> [EXERCISE INPUTS]
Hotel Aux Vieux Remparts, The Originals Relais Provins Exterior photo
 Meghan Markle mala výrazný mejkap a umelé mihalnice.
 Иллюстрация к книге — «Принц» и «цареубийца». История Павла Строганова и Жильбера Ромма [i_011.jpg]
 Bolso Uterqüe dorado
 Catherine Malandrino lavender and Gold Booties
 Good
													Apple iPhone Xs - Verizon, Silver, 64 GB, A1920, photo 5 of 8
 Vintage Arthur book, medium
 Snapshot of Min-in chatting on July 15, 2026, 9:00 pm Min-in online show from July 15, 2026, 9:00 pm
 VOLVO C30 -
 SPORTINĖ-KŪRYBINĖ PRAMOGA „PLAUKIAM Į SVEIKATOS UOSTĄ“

> [TASK PROMPT] All lines from the one containing "Vintage Arthur book, medium" through the end of the listing above are to be restated word for word, and no others.

> [EXERCISE RESULT]
 Vintage Arthur book, medium
 Snapshot of Min-in chatting on July 15, 2026, 9:00 pm Min-in online show from July 15, 2026, 9:00 pm
 VOLVO C30 -
 SPORTINĖ-KŪRYBINĖ PRAMOGA „PLAUKIAM Į SVEIKATOS UOSTĄ“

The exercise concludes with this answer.